Data collection (~5–10 min first run, cached after):
```bash
# Open and run notebooks in order starting with 01-data-collection.ipynb
```

---

## Project Structure

```
nba-playoffs/
├── notebooks/          ← 5 notebooks, run in order
├── src/
│   ├── data.py         ← nba_api fetch helpers with parquet caching
│   ├── features.py     ← feature engineering functions
│   └── models.py       ← pipeline builders, eval, SHAP helpers
├── data/
│   ├── raw/            ← gitignored — nba_api parquet cache
│   └── processed/      ← gitignored — feature matrices
├── models/             ← gitignored — saved .joblib artifacts
└── PRD.md              ← full project requirements and feature spec
```

---

## Key Design Decisions

**Series vs. game prediction** — Tried individual game prediction first (AUC ~0.60), then switched to series-level aggregation which improved AUC to ~0.68 with the same features.

**Logistic Regression as baseline** — Always establish an interpretable linear baseline before using tree models. LR showed that the features have genuine linear signal; XGBoost added ~3% AUC via non-linear interactions.

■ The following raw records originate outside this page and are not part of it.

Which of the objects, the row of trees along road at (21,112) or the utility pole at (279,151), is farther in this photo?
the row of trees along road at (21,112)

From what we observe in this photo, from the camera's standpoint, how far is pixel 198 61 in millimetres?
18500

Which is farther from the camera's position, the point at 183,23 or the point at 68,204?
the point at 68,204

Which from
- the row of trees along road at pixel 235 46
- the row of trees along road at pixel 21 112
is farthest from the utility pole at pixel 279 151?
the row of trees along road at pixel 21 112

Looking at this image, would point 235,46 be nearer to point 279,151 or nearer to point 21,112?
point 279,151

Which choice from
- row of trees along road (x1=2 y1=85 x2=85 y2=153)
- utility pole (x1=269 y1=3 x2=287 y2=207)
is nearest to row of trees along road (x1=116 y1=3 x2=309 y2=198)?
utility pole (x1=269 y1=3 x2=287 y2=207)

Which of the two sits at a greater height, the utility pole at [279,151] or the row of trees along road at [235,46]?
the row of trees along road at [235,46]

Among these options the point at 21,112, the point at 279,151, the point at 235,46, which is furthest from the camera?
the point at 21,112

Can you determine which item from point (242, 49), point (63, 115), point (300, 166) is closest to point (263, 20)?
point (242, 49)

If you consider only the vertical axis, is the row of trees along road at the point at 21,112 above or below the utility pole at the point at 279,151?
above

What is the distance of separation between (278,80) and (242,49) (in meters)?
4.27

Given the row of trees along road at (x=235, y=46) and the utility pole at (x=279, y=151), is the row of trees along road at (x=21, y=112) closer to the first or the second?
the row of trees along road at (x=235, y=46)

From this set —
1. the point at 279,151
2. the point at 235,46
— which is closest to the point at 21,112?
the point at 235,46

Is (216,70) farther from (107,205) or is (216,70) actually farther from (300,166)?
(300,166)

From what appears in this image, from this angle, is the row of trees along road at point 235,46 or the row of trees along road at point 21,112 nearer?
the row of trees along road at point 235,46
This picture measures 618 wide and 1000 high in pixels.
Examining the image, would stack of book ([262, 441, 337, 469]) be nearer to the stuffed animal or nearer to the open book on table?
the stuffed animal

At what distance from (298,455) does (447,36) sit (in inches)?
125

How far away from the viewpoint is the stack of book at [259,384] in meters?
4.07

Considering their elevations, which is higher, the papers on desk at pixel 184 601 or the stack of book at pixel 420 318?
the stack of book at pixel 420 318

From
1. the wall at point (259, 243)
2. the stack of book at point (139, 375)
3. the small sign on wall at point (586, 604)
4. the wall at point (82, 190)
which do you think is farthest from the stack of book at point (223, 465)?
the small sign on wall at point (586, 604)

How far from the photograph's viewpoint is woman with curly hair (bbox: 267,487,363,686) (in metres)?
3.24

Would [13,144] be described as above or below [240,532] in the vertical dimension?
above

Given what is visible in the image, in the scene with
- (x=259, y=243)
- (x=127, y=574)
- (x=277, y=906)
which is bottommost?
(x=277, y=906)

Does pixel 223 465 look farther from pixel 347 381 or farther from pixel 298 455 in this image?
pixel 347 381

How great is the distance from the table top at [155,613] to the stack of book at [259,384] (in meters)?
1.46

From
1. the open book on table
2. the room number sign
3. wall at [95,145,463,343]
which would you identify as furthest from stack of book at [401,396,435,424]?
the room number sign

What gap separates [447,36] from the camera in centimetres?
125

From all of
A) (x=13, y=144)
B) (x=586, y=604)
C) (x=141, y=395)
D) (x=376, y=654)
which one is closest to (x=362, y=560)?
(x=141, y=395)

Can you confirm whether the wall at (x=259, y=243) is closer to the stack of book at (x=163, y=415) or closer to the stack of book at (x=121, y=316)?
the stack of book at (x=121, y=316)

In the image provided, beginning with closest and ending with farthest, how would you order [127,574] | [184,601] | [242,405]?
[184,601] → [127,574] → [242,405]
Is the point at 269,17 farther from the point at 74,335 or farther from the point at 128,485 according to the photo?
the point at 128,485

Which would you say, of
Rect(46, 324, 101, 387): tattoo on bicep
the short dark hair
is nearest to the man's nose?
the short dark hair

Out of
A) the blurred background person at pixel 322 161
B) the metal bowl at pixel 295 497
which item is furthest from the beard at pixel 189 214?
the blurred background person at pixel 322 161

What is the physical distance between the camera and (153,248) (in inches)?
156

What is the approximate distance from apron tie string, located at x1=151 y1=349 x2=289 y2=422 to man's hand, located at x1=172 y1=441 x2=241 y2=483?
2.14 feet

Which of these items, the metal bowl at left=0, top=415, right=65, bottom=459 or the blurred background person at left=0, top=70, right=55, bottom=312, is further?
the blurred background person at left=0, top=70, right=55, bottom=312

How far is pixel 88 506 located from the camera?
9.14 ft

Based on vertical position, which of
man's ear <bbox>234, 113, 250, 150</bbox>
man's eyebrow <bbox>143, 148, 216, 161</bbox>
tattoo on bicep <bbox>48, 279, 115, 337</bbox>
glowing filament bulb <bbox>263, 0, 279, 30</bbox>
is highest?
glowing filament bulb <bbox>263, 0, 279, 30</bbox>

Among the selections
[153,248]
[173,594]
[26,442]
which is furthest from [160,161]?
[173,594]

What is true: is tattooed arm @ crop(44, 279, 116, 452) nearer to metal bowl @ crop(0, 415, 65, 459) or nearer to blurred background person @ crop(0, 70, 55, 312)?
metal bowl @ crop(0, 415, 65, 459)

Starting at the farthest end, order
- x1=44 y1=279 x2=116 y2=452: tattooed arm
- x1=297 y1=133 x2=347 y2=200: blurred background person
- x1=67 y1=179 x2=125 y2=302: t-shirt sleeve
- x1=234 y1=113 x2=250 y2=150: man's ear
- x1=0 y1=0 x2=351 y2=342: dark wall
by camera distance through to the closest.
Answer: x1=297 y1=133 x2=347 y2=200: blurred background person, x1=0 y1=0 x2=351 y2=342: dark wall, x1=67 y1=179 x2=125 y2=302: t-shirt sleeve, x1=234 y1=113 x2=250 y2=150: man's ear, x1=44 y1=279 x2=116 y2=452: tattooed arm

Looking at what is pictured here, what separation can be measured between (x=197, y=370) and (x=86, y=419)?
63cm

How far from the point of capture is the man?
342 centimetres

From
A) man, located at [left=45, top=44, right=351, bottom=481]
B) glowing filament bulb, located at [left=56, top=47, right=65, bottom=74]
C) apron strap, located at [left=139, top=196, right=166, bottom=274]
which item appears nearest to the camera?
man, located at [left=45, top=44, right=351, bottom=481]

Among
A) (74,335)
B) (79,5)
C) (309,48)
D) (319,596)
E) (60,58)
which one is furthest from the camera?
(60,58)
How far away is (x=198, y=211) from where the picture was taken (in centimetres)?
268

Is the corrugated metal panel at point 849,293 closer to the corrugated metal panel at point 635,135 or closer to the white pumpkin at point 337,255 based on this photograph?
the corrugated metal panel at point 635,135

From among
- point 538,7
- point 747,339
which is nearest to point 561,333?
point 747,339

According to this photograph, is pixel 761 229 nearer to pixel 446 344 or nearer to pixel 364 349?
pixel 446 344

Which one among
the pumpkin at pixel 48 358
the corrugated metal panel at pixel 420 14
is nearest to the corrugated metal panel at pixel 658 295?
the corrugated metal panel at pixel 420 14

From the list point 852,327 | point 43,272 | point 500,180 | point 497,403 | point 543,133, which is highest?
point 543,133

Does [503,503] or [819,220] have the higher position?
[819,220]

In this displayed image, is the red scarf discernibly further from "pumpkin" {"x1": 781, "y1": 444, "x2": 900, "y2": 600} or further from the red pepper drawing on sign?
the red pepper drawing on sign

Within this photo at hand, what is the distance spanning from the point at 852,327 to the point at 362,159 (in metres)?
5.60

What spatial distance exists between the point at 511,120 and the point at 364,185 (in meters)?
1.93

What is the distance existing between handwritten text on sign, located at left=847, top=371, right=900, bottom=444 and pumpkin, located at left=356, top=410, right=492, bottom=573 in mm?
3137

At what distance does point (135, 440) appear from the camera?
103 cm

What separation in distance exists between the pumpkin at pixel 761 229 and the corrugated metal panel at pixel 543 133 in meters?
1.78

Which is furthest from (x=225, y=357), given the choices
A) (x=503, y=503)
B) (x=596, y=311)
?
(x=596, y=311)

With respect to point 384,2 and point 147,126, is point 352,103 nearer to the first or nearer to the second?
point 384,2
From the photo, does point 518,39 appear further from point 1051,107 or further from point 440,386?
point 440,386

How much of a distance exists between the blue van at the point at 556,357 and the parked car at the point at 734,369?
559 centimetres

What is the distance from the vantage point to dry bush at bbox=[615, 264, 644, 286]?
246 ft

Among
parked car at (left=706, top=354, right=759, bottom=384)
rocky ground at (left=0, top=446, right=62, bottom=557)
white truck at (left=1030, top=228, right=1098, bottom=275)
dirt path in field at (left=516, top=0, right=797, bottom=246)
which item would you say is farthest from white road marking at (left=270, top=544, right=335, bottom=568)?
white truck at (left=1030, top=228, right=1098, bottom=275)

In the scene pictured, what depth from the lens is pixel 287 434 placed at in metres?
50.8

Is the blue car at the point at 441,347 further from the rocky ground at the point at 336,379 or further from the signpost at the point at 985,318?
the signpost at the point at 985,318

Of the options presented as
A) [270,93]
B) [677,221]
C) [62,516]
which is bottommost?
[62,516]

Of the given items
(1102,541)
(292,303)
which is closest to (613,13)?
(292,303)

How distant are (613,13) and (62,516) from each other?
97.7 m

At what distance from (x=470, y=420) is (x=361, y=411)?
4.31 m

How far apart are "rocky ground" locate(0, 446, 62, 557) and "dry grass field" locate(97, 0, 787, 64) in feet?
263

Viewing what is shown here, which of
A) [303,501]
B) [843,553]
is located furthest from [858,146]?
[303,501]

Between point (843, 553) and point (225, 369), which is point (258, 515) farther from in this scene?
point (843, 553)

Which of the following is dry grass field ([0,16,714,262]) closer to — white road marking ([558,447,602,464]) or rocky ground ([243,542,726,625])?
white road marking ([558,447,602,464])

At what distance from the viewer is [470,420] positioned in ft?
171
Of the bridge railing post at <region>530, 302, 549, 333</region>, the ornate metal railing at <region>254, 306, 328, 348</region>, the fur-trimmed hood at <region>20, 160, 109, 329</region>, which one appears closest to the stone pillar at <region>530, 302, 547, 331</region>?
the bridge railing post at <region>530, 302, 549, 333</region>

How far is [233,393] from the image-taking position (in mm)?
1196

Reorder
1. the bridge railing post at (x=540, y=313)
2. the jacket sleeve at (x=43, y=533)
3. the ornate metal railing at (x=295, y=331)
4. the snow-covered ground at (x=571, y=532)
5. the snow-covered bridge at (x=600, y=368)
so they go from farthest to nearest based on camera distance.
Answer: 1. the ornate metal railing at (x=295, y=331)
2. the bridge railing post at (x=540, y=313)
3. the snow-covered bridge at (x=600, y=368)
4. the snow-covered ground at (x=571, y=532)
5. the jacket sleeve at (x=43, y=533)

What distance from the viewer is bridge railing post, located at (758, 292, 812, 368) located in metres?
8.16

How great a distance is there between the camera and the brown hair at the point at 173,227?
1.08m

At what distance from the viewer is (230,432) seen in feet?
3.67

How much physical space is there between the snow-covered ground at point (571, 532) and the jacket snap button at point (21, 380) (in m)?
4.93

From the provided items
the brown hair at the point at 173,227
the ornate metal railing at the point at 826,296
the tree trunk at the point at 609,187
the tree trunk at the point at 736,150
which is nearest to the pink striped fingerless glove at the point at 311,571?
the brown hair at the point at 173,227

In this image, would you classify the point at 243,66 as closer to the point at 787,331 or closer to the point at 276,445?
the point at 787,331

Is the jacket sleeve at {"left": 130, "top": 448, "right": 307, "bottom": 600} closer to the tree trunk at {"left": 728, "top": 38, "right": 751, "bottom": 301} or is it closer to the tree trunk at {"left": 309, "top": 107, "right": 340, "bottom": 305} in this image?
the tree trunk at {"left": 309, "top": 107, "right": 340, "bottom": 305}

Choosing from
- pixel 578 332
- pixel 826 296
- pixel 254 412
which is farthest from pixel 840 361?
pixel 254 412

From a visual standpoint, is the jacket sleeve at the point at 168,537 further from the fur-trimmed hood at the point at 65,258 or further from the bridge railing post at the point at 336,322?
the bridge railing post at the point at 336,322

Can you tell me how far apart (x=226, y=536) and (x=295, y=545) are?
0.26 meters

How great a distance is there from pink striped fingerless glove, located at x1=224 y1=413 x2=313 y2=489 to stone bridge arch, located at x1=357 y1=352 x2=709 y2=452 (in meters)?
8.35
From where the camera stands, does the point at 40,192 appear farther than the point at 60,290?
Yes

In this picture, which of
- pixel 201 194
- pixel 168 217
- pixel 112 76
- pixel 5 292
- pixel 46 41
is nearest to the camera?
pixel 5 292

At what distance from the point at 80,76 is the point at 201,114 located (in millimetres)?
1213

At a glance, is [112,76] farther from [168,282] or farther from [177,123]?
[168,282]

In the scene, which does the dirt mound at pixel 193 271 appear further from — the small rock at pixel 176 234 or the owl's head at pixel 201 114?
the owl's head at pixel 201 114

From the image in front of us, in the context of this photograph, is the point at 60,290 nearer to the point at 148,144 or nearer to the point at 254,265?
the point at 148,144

**Temporal train/test split** — Used `TimeSeriesSplit` for cross-validation and held out the two most recent seasons (2023–24) as the final test set. Never trained on future data.

**Why not player-level stats** — `nba_api` rate limits made fetching per-player data for 135+ team-seasons impractical. Team-level efficiency metrics (ORtg, DRtg) capture aggregate quality effectively and are well-documented to be predictive.